Originally published online by Center for American Progress.
Authors’ note: CAP uses “Black” and “African American” interchangeably throughout many of our products. We chose to capitalize “Black” in order to reflect that we are discussing a group of people and to be consistent with the capitalization of “African American.”
There is clear evidence that a diverse teaching workforce is beneficial for all students—and particularly for students of color.1 Studies show that Black students perform better on standardized tests, have improved attendance, and are suspended less frequently when they have at least one same-race teacher.2 Black teachers are more likely to recommend high-achieving Black students for talented and gifted programs, virtually eliminating the gap in access to these programs.3And there is evidence that same-race role models—in this instance, teachers of color—inspire minority students.4 While much of the research on teacher diversity has looked at the importance of Black teachers for Black students, partly due to low sample sizes of Latinx teachers and other teachers of color, there may be similar effects for other students of color. The research on teacher diversity is critically important considering that in the 2015-2016 school year, 51 percent of U.S. students identified as nonwhite, and those percentages will grow in the coming years.5
While research demonstrates the importance of increasing teacher diversity, the teacher workforce in public schools is still overwhelmingly white, with 82 percent of teachers identifying as white.6 Since 2011, the Center for American Progress has analyzed data on the persistent lack of diversity in the teaching profession.7 In an attempt to find solutions, previous research has detailed a number of barriers that can contribute to difficulty recruiting teachers of color. There are also barriers to retaining teachers of color in the classroom once they enter the workforce. Studies have shown that teachers of color, and especially Black teachers, leave the profession at a higher rate than their white peers.8
This report highlights how one barrier in particular—the unequal student loan debt that educators of color face—may contribute to the lack of diversity in the teaching profession. Studies have shown that Black students are more likely to borrow federal student loan money to finance their undergraduate education.9 According to a Brookings Institution analysis, before they have even earned their first dollar, Black college graduates already have $7,400 more student loan debt than white graduates.10 For teachers, that means entering a profession that requires significant education but does not compensate well compared with other professions.11 This is called a pay penalty, meaning teachers do not receive a salary comparable to those of workers in other professions that require the same level of education.12 The pay penalty presents a particular barrier for teacher candidates of color because they are more likely to have student loan debt upon graduating. One study found that acquiring student debt reduced the probability that students would pursue lower-salary public interest jobs; this correlation was particularly acute in the education industry.13
Up until now, there has been little research to specifically analyze the student loan debt of Black and Latinx teachers and teacher candidates. The authors of this report fill in that knowledge gap by presenting a new analysis of the debt burden faced by Black and Latinx teachers as compared with their white peers and discuss what that means for their ability to pay off their loans over time. This report also offers policy recommendations aimed at reducing the student loan debt of Black and Latinx teachers, which may assist with increasing diversity within the teaching profession. In addition to reducing the overall student loan debt for Black and Latinx students, targeted policies are needed to encourage Black and Latinx graduates to enter the teaching profession and, once they are there, retain them.

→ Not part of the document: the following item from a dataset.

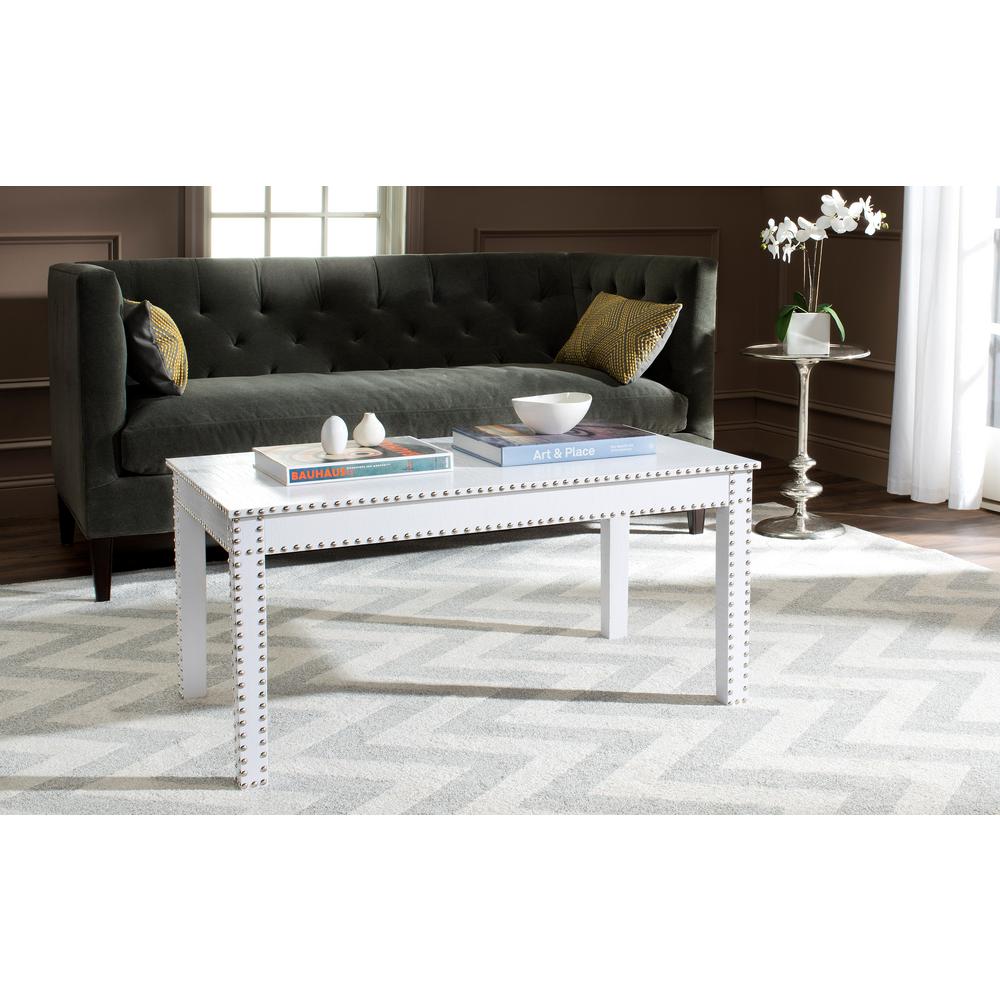 Southern Enterprises Fulton Champagne Brass Contoured Coffee Table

For this report, the authors reviewed data from the National Center for Education Statistics (NCES) to analyze the student loan debt of people who prepared to teach through undergraduate education programs and certifications. The authors also looked closely at the loan repayment data for people who have taught or are currently teaching. Their analysis found that Black teachers are more likely to borrow federal student loan money to fund their undergraduate and graduate education than their white counterparts. The data also indicate that Black teachers owe more in federal student loans on average and that they may be encountering more difficulty in repaying their undergraduate student loans. Latinx students who trained to teach were more likely to borrow federal student loans than white students who trained to teach. Latinx students were also more likely to borrow federal student loan money for graduate education.

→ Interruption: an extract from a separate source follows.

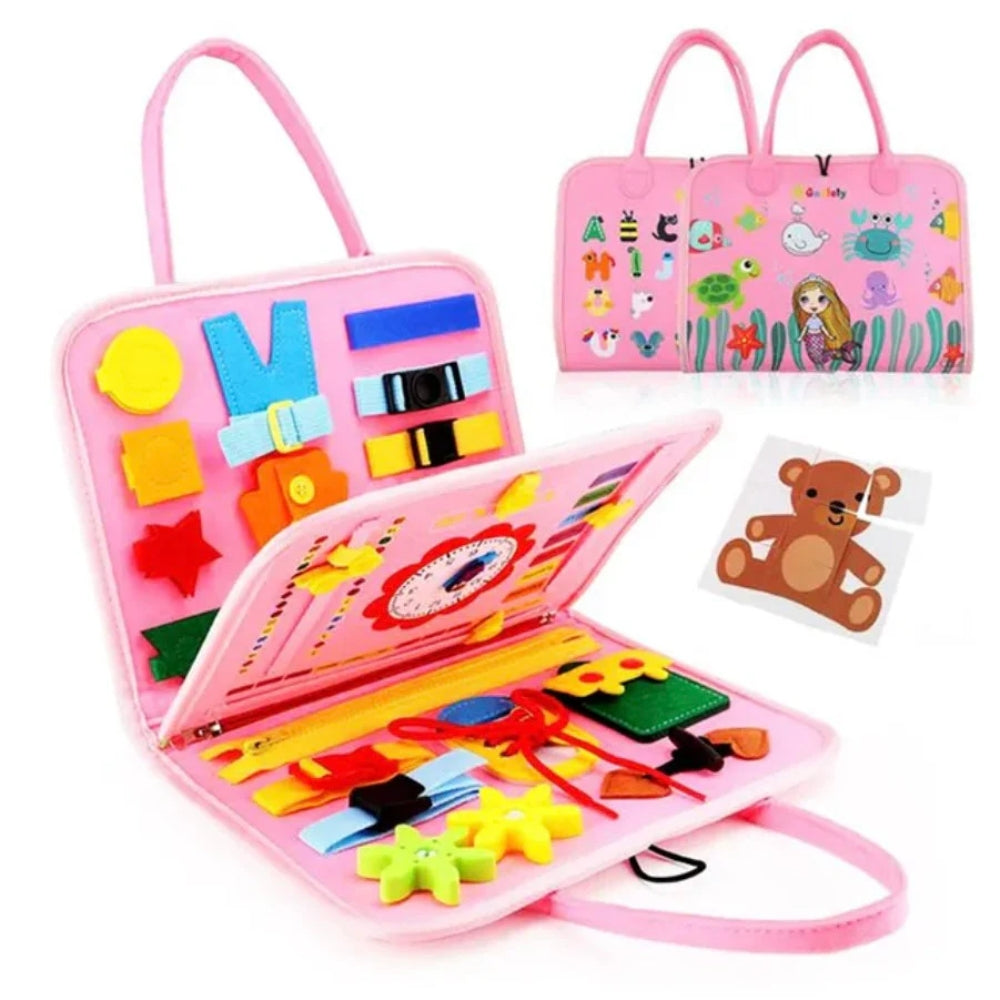 Bildungsreise-Spielzeugtasche – Interaktives Lernset für Kinder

CAP reviewed data from the NCES Baccalaureate and Beyond Longitudinal Study (B&B) for its analysis in this report. This study reviews the educational pathways and work experiences of students after they complete a bachelor’s degree, and it provides specific information on the experiences of new elementary and secondary teachers.14 The dataset that the authors reviewed provides an evaluation of students who completed the requirements for a bachelor’s degree between July 1, 2007, and June 30, 2008.15 The sample for this study includes 17,160 members.16 Follow-up data were collected from this cohort in August 2009 and August 2012.17 In this report, the term “trained to teach” means study participants who indicated that they prepared to teach through undergraduate study or that they obtained a certificate to teach. People who “have taught” refers to the study participants who worked as regular, itinerant, support, or long-term substitute teachers. This category may include people who did not train to teach but who entered the profession through alternative certification programs. This study particularly focuses on Black and Latinx teachers because the data sample in this study for teachers within the Asian and Native American and Pacific Islander communities was too small to analyze. The B&B study provides a stronger snapshot of federal student loans compared with private student loans, so the authors specifically analyze federal student loans for this report.

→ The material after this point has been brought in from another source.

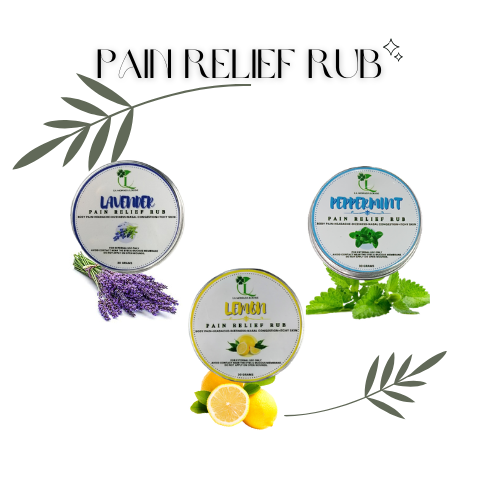 Pain Relief Rub (Lavender), Relaxing Aroma, Pain Reliever, Stress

Through this data collection, the authors were able to review data from the cohort one year after graduation and four years after graduation.
Previous research has demonstrated that Black and Latinx students tend to have more student loan debt on average than their white peers.18 Based upon the data procured from the B&B, Black students who trained to teach were more likely to borrow federal student loans to finance their undergraduate education. Latinx students who trained to teach were also more likely to borrow federal student loans for their undergraduate studies. As shown in Figure 1, 91 percent of Black students and 82 percent of Latinx students who trained to teach borrowed federal student loans, compared with 76 percent of white students. For individuals who have taught, 88 percent of Black students and 76 percent of Latinx students took out federal student loans to pay for college, compared with 73 percent of white students. As the data show, Latinx students were less likely to borrow federal student loan money than Black students, but they were more likely to borrow compared with white students. Previous researchers have speculated that this could be due to several factors, including a student’s immigration status or a cultural aversion to accumulating debt.19
Black students in the B&B cohort who trained to teach owed more money in federal student loans for their undergraduate education compared with their Latinx and white peers. According to the analysis, Black students who trained to teach had higher median federal student loan debt in 2012 ($26,405) than they had in 2008 ($22,699). Interestingly, they are the only group to have this trend where the median federal student loan debt was higher in 2012 than the median debt owed in 2008, which may indicate some difficulty in repaying federal student loans. An NCES report indicated that in 2015-2016, Black teachers earned less on average compared with their white counterparts—$52,420 and 55,120, respectively.20 This pay discrepancy could be one reason for the trend noted above. Figure 2 shows the median amount of federal loans owed for undergraduate education in 2008-2009 compared with the median amount of federal loans owed by the same cohort in 2012, including principal and interest and disaggregated by race.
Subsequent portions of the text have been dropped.